Timurlenk,
filleri çok sever, bakımı zor olan fillerini de civar köylere
gönderirmiş. Nasreddin Hoca’nın köyü de bu fillerden
nasibini almış. Ancak, Hoca’nın köyüne gönderilen
fil, çok oburmuş ve bir türlü doymuyormuş. Köyde, bu
yüzden adeta kıtlık başlamak üzereymiş. Köylüler
toplanıp, filin iadesine karar vermişler. Hep beraber
Timurlenk’in huzuruna gidip, kendilerine gönderilen fili
besleyemediklerini belirtip geri almasını isteyeceklermiş.
Bunun için de, Nasreddin Hoca’yı sözcü seçmişler.

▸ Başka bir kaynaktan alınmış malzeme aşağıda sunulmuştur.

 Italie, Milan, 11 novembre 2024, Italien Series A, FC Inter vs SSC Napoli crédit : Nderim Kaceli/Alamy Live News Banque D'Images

Belirlenen gün gelince, Timurlenk’in huzuruna
çıkmışlar.
Timurlenk,
gelenleri süzdükten sonra, sert bir ses tonuyla, Hoca’ya;
- Söyle bakalım, Ne istiyorsunuz?
dediğinde, Hoca konuşmadan önce, sağ ve sol tarafına
bakmış. Bir de ne görsün, gelenlerden kimse yok. Kekeleyerek;
- Efendim, bizim köye gönderdiğiniz fil var ya... Onun için
geldik de...
- Evet... Ne olmuş o file?
Hoca son bir çaba ile başını çevirerek arkasına bakmış.

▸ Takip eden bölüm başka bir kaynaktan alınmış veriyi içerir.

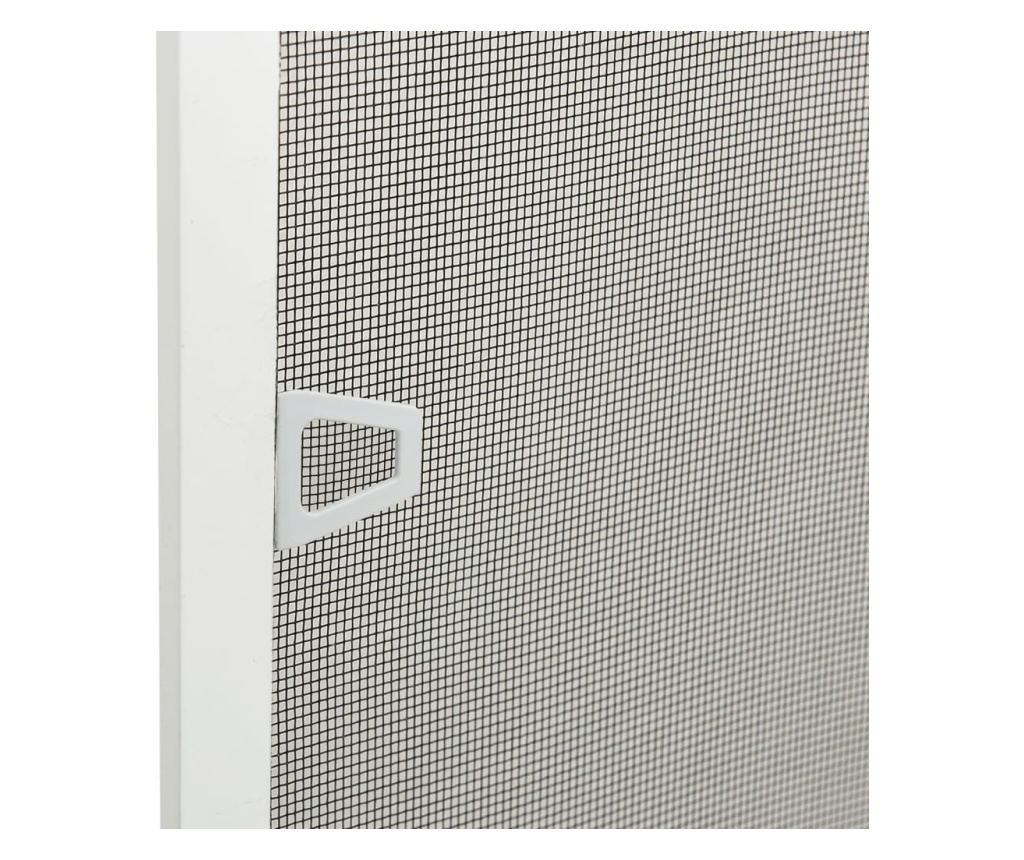 Мрежа против насекоми за прозорци, бяла, 80x120 см - 5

Arkasında da, hiç kimse kalmadığını fark edince, yalnız
bırakılmanın da sıkıntısı içerisinde Timurlenk’e dönmüş;
- Efendim biz gönderdiğiniz erkek fili çok sevdik de, acaba
bir tane de dişi fil gönderir misiniz diyecektim!..
Kıssadan hisse: Bu fıkradan çıkarılacak önemli dersler olmalı. Önce şu
husus bilinmeli ki; insanlar dünyaya sadece kendi
pencerelerinden bakmayı bırakıp
isteklerine/arzularına dur
demeli veya yeniden gözden geçirmeli diyorum. Ayrıca
‘Ne yapalım, biz böyleyiz’
şeklinde
pişmanlık yaratacak teşebbüslerden de titizlikle
sakınmalıdır.
Unutulmaması gereken önemli bir nokta daha var: Bir şeyi
protesto ederken birden bire korkup kaçmak insanoğluna yakışmaz.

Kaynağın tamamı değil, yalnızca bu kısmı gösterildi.